What the task requires
Reproduce each line of the listing exactly.

+++ Recorded data +++

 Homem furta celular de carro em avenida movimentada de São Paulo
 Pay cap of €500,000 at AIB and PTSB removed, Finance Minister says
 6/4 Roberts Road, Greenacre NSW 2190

+++

Answer for this exercise
 Homem furta celular de carro em avenida movimentada de São Paulo
 Pay cap of €500,000 at AIB and PTSB removed, Finance Minister says
 6/4 Roberts Road, Greenacre NSW 2190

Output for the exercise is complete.